### DATA RECORDS
╔══
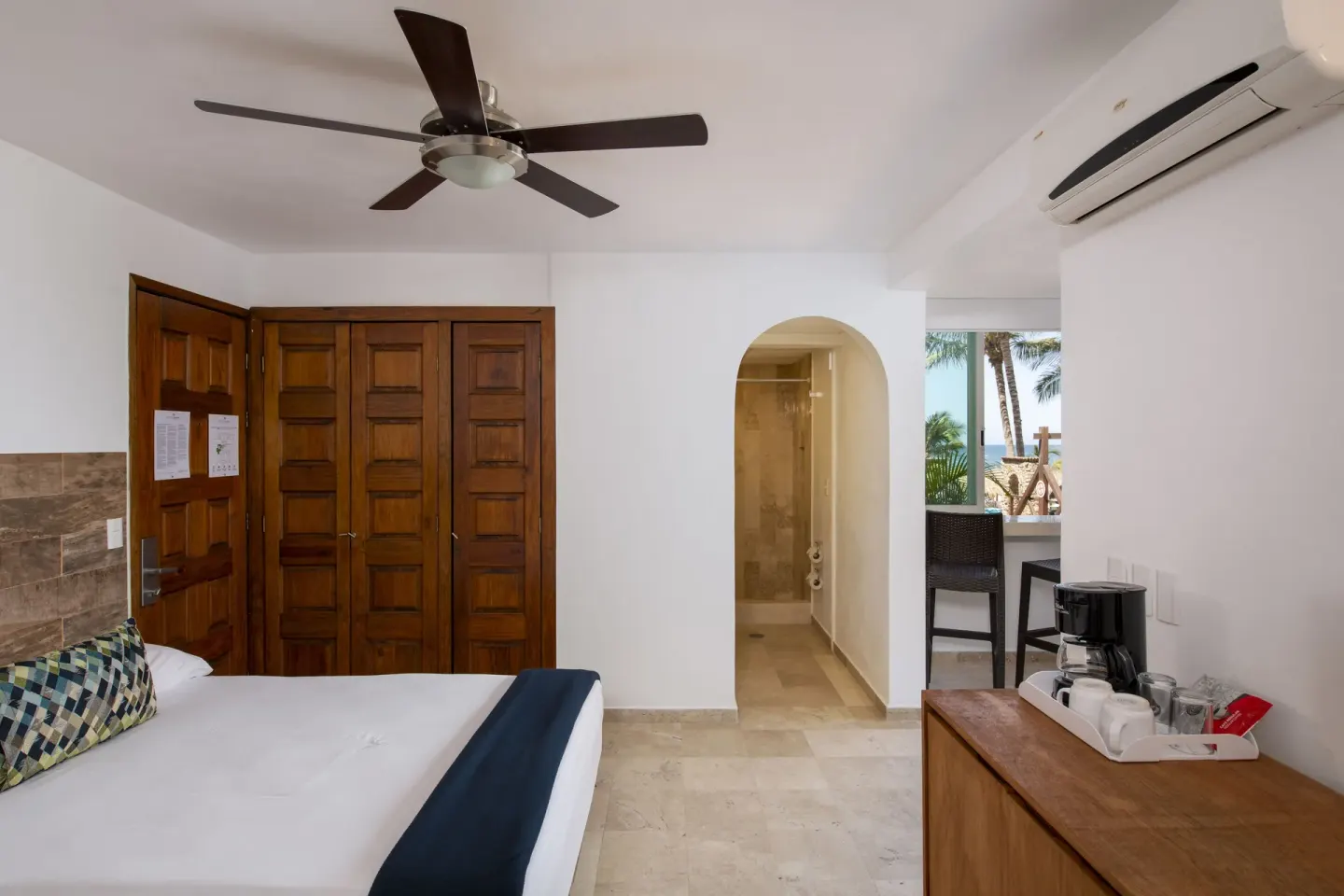 Standard Room at Villa Varadero with a bed, wood doors, coffee maker, and balcony beyond an archway.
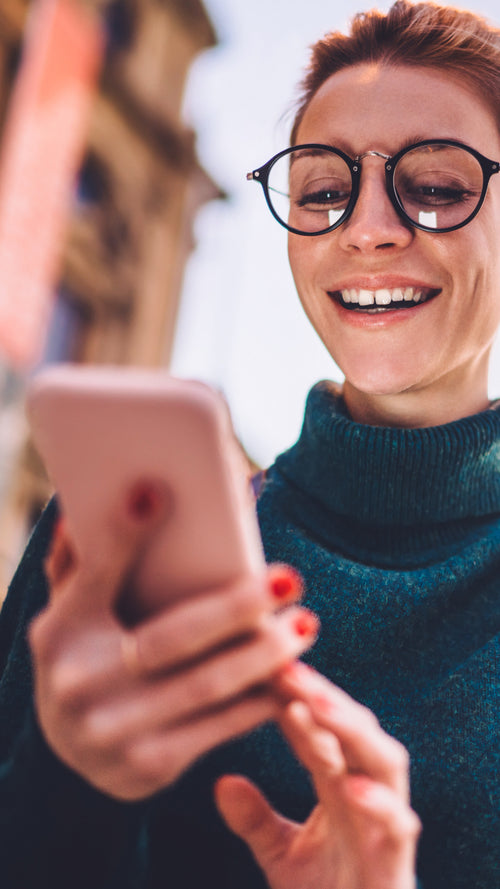 A smiling woman wearing glasses and a green turtleneck sweater looks at her smartphone outdoors on a sunny day.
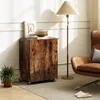 A wooden cabinet with wheels is placed next to a brown leather armchair and a floor lamp. Podgląd zdjęcia produktu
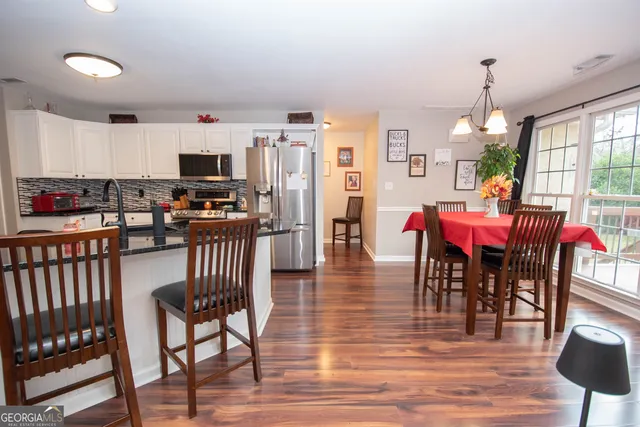 a workspace area with furniture and wooden floor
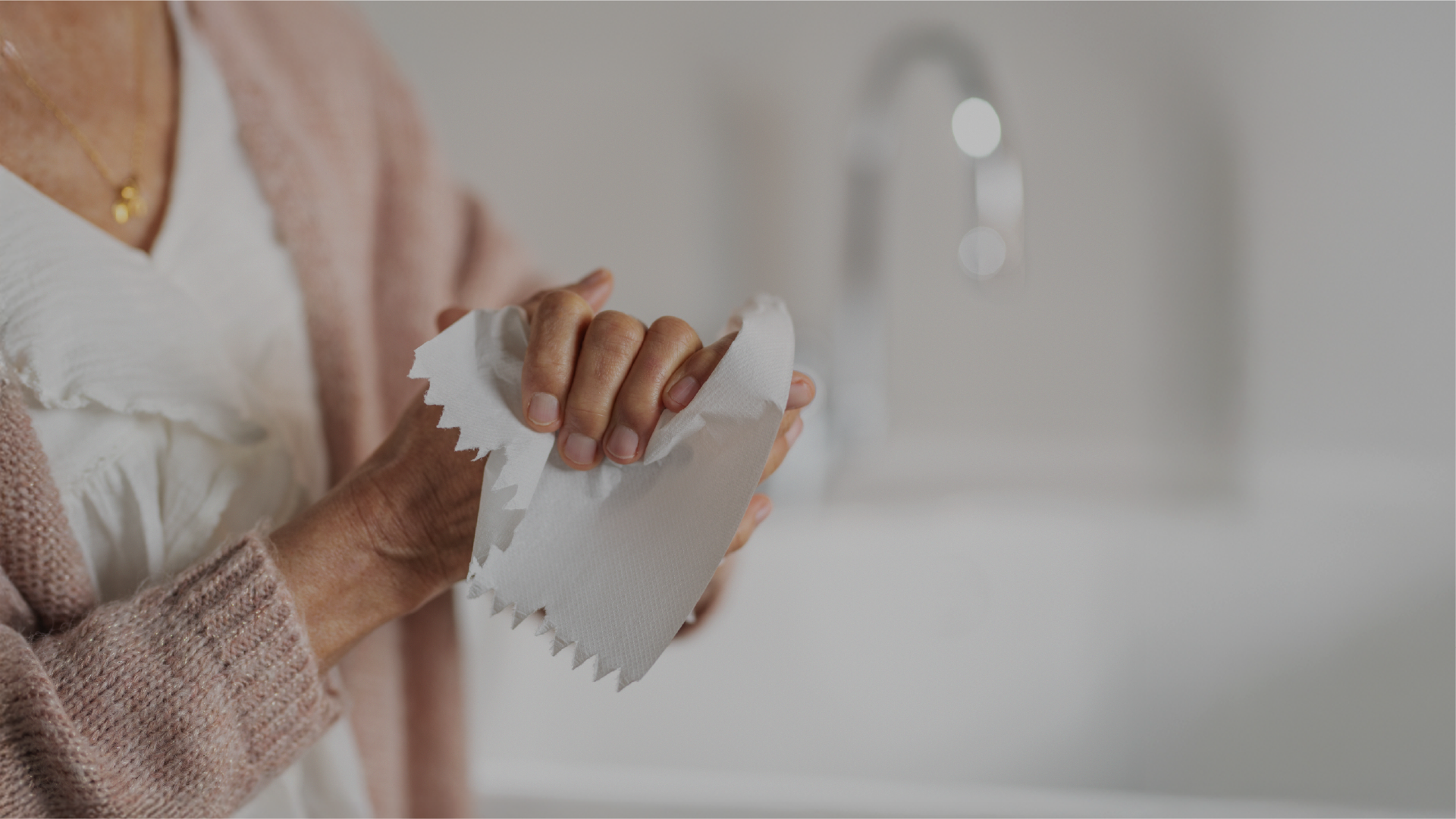 a woman dries her hands in a modern bathroom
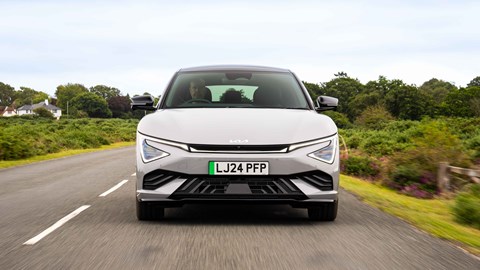 Kia EV6 facelift review: front view driving, grey paint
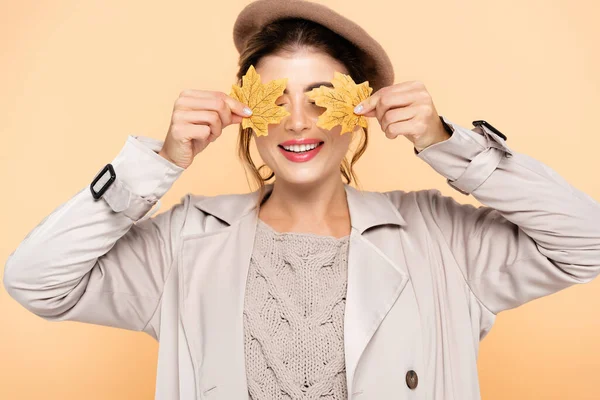 Joyeuse femme en élégant trench coat et béret couvrant les yeux avec des feuilles jaunes isolées sur la pêche — Photo de stock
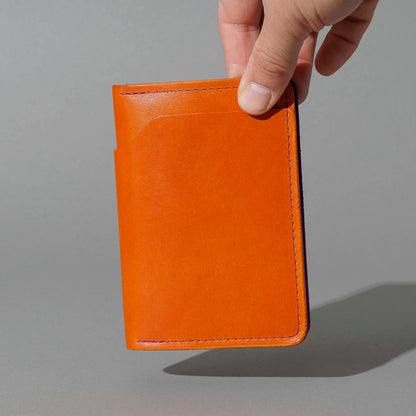 Traveler Passport Holder in Orange Latigo Exterior, Violet Latigo Interior, held in hand, shot 1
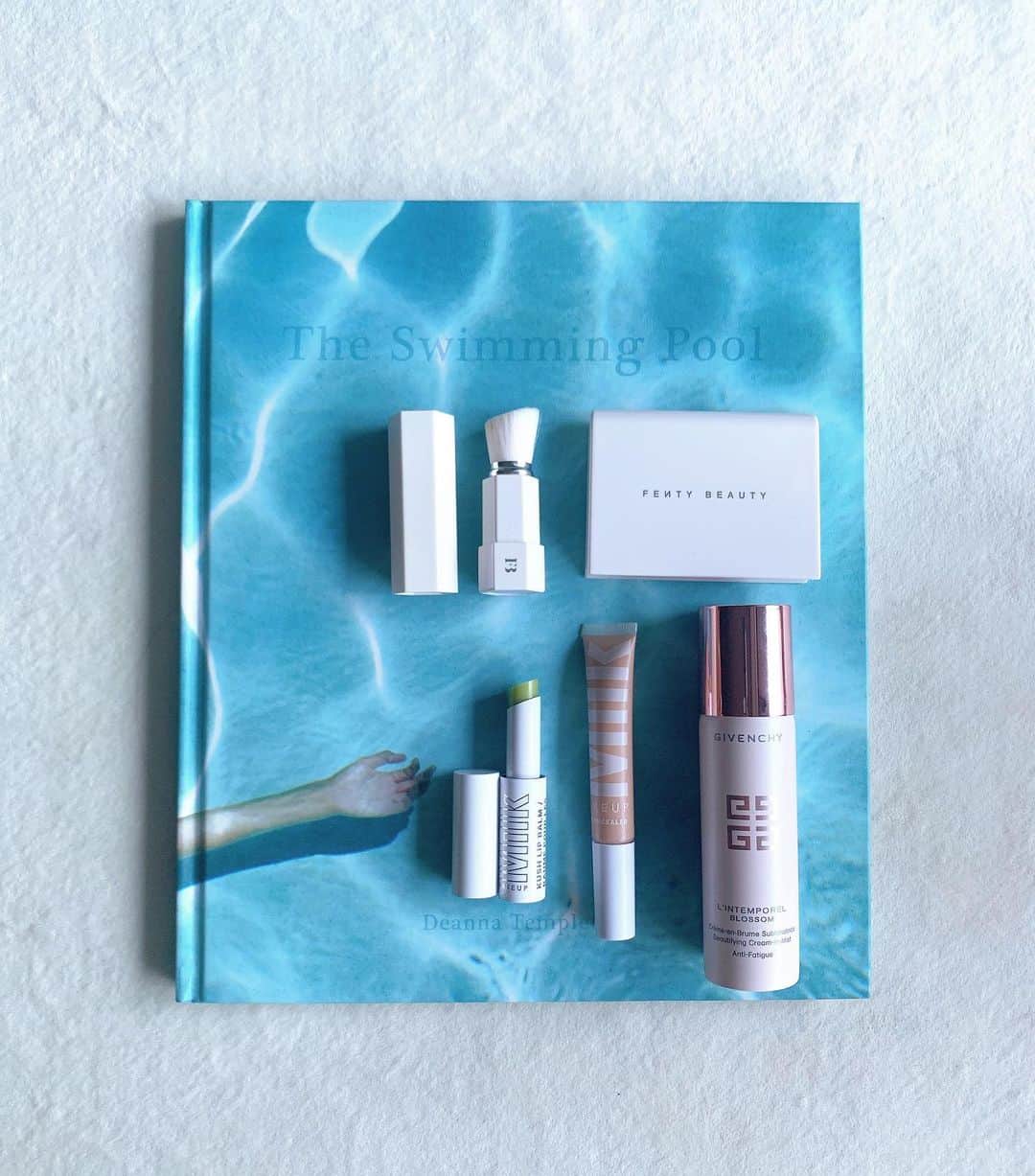 佐川理佳のインスタグラム：「s u m m e r 🏄🏼‍♀️ m a k e u p @givenchybeauty  L'INTEMPOREL BLOSSOM  cream in mist クリームがミスト状になっているので、メイク直しにとても便利。微粒子でフワっと出てくるのが気持ち良い。飛行機など長時間の移動が多いときもおすすめなので旅行にぜひ。  @milkmakeup KUSH LIP BALM milkのリップバームはセラムタイプも愛用していますが保湿力が高く、長時間持続するのでお気に入り。これはgreen dragonというカラーですが、塗るとほぼクリアです。ミントの香り。  FLEX CONCEALER 汗でメイクが崩れたら、クリームミストでヨレをなじませたあと、このコンシーラーを少量つけて気になるところをカバー。 ファンデーションのように柔らかいテクスチャーなので、ナチュラルに仕上がります。  @fentybeauty  INVISIMATTE  Blotting Powder Tゾーンのテカリが気になるときに。 このパウダーはちゃんとサラサラマットになるけど、重たく見えないのでお気に入りです。そして毛穴を目立たなくしてくれる&透明感を出してくれるので、バッグが小さい日でもいつも持ち歩いてます。」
╚══
Return the listing unchanged except for the pictures, which should be dropped.

 Standard Room at Villa Varadero with a bed, wood doors, coffee maker, and balcony beyond an archway.
 A smiling woman wearing glasses and a green turtleneck sweater looks at her smartphone outdoors on a sunny day.
 A wooden cabinet with wheels is placed next to a brown leather armchair and a floor lamp. Podgląd zdjęcia produktu
 a workspace area with furniture and wooden floor
 a woman dries her hands in a modern bathroom
 Kia EV6 facelift review: front view driving, grey paint
 Joyeuse femme en élégant trench coat et béret couvrant les yeux avec des feuilles jaunes isolées sur la pêche — Photo de stock
 Traveler Passport Holder in Orange Latigo Exterior, Violet Latigo Interior, held in hand, shot 1
 佐川理佳のインスタグラム：「s u m m e r 🏄🏼‍♀️ m a k e u p @givenchybeauty  L'INTEMPOREL BLOSSOM  cream in mist クリームがミスト状になっているので、メイク直しにとても便利。微粒子でフワっと出てくるのが気持ち良い。飛行機など長時間の移動が多いときもおすすめなので旅行にぜひ。  @milkmakeup KUSH LIP BALM milkのリップバームはセラムタイプも愛用していますが保湿力が高く、長時間持続するのでお気に入り。これはgreen dragonというカラーですが、塗るとほぼクリアです。ミントの香り。  FLEX CONCEALER 汗でメイクが崩れたら、クリームミストでヨレをなじませたあと、このコンシーラーを少量つけて気になるところをカバー。 ファンデーションのように柔らかいテクスチャーなので、ナチュラルに仕上がります。  @fentybeauty  INVISIMATTE  Blotting Powder Tゾーンのテカリが気になるときに。 このパウダーはちゃんとサラサラマットになるけど、重たく見えないのでお気に入りです。そして毛穴を目立たなくしてくれる&透明感を出してくれるので、バッグが小さい日でもいつも持ち歩いてます。」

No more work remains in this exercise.